EXERCISE: Would you write out the lines below exactly, from the one containing "Turmeric Curcumin for" to the very last, but without the pictures?

[Captioned web image data]

☆ ☆ ☆ ☆

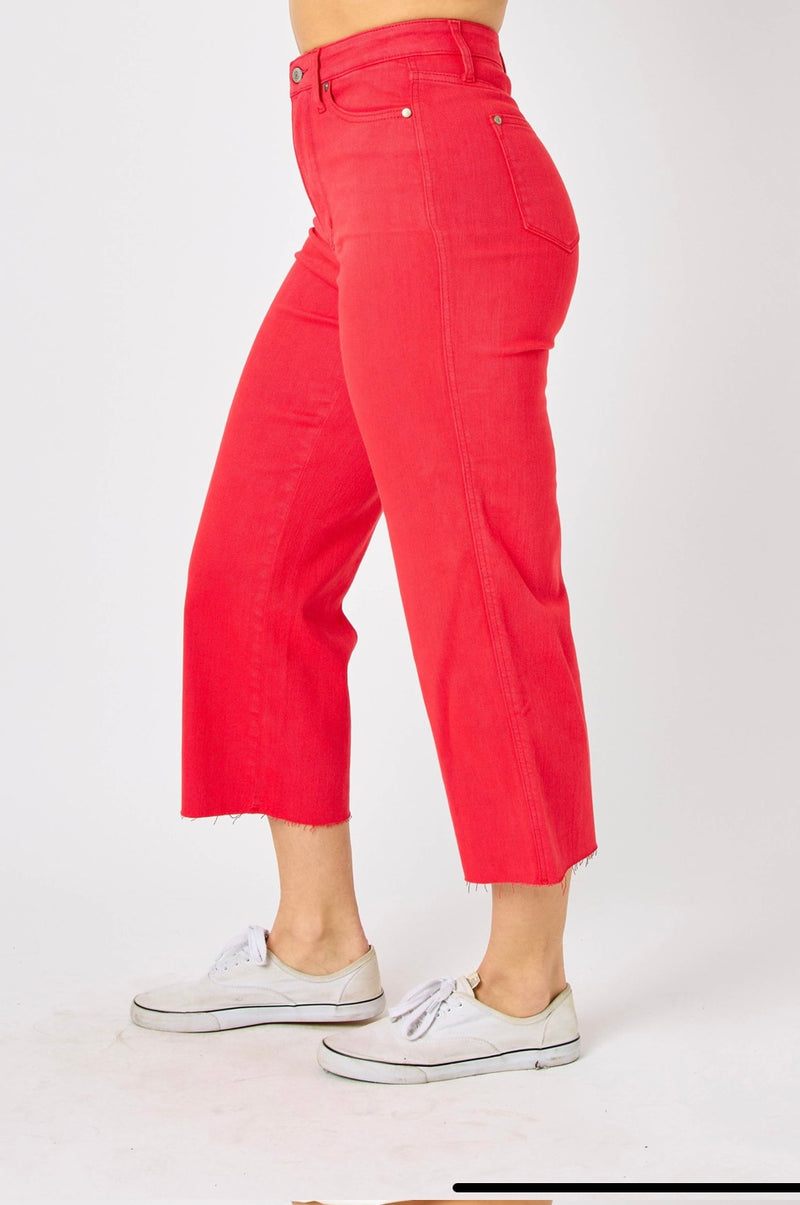 JUDY BLUE RED TUMMY CONTROL CROP WIDE LEG
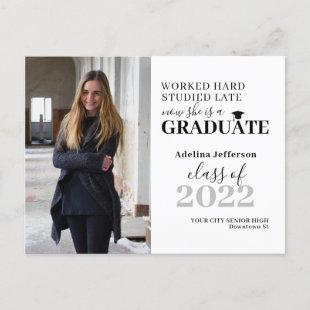 Modern photo graduate typography graduation announcement postcard
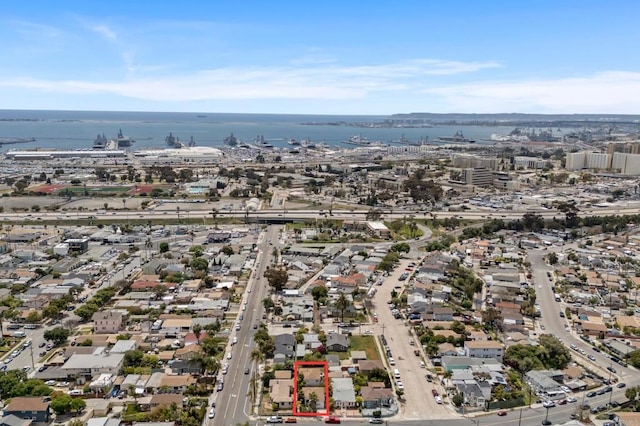 216466 S 40th St, San Diego, CA 92113 - aerial overview of property's location featuring a large body of water and property parcel outlined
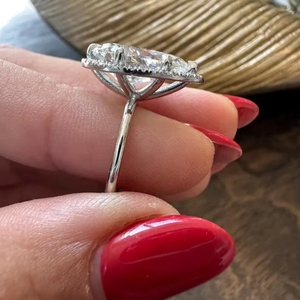 Lab Grown Diamond Engagement <b>Ring</b> 5.5CT Pear VS1/2 Lab Diamond <b>Ring</b> Pear Diamond Certified IGI <b>Large</b> Diamond Halo Pear <b>Ring</b> - Product Image 3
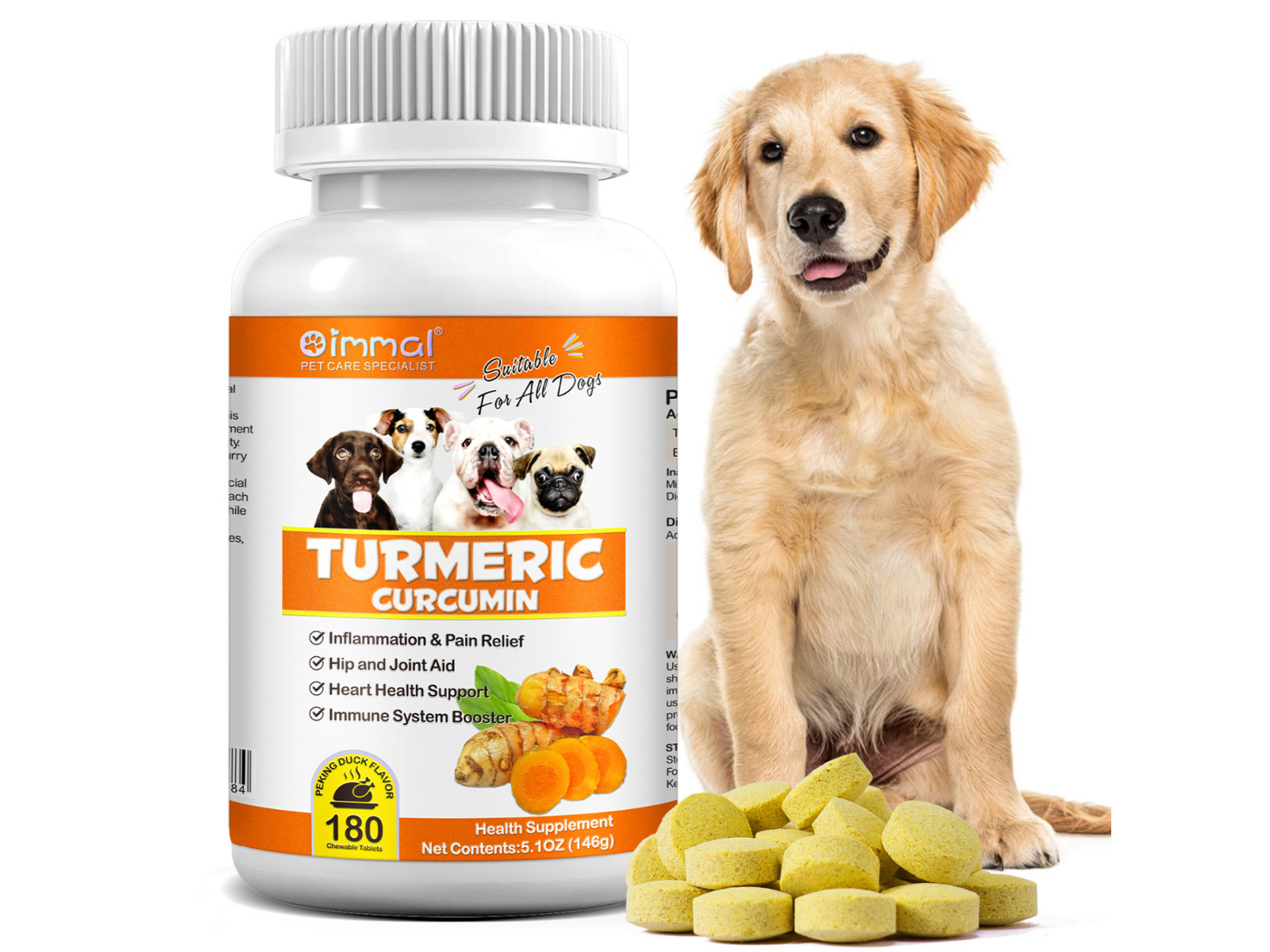 Turmeric Curcumin for Dogs-Inflammation & Pain Relief – Peking Duck Flavor 180CT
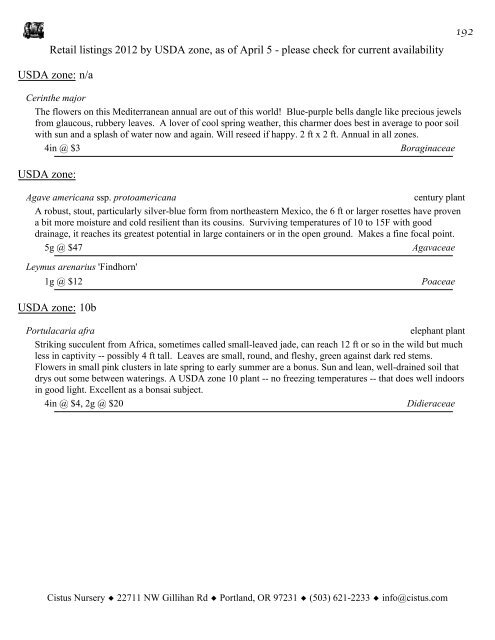 1 Retail listings 2012 by USDA zone, as of April 5 ... - Cistus Nursery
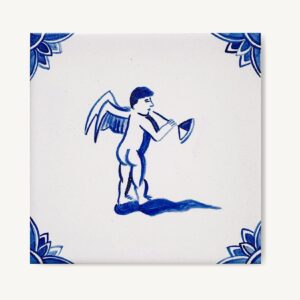 Kafelek z aniołkiem grającym na trąbce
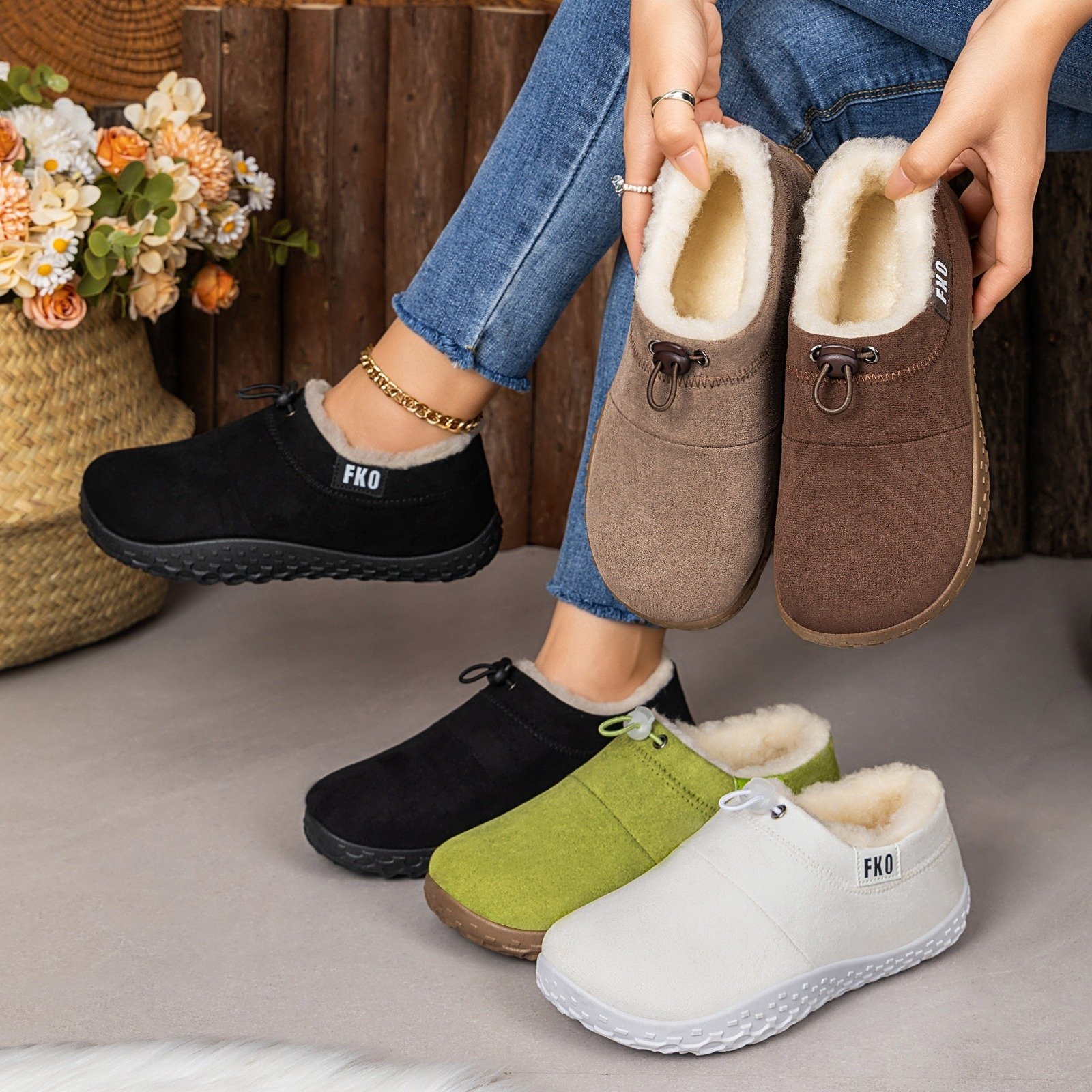 Winter Women's Casual All-match Plush Slip-on Cotton Shoes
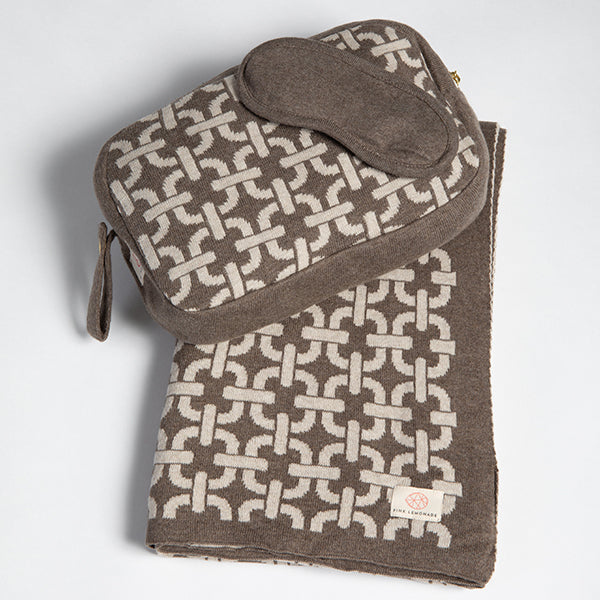 Chains Organic Cotton Travel Blanket and Eye Mask Set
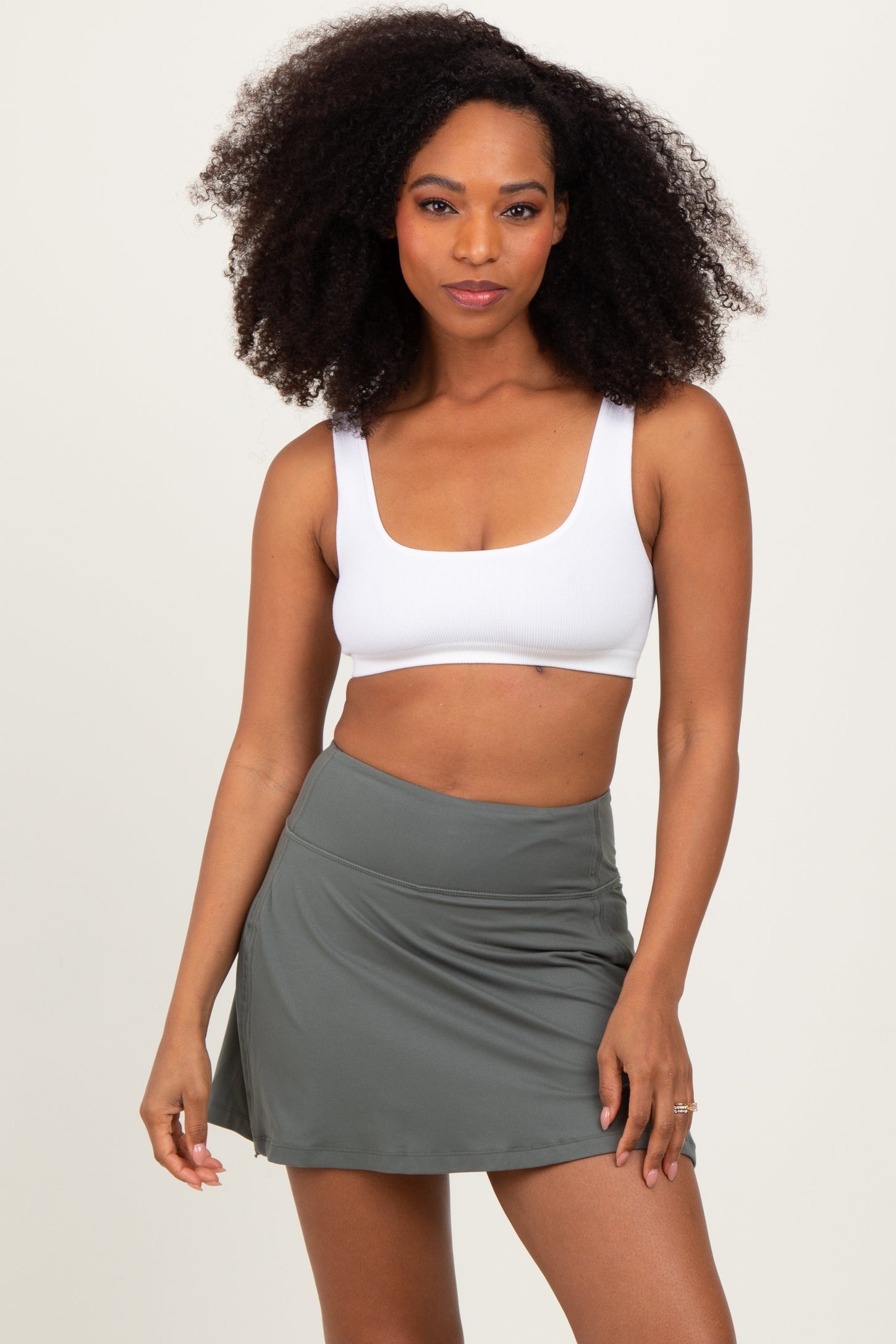 Olive Back Pleat Maternity Skort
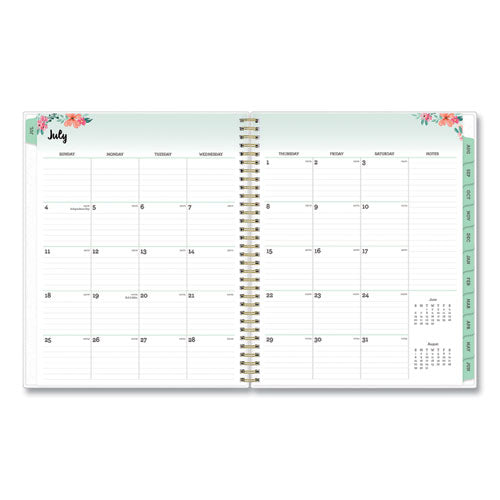 Laurel Academic Year Weekly/monthly Planner, Floral Artwork, 11 X 8.5, Green/pink Cover, 12-month (july-june): 2021-2022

☆ ☆ ☆ ☆

WRITTEN REPLY:
 Turmeric Curcumin for Dogs-Inflammation & Pain Relief – Peking Duck Flavor 180CT
 1 Retail listings 2012 by USDA zone, as of April 5 ... - Cistus Nursery
 Kafelek z aniołkiem grającym na trąbce
 Winter Women's Casual All-match Plush Slip-on Cotton Shoes
 Chains Organic Cotton Travel Blanket and Eye Mask Set
 Olive Back Pleat Maternity Skort
 Laurel Academic Year Weekly/monthly Planner, Floral Artwork, 11 X 8.5, Green/pink Cover, 12-month (july-june): 2021-2022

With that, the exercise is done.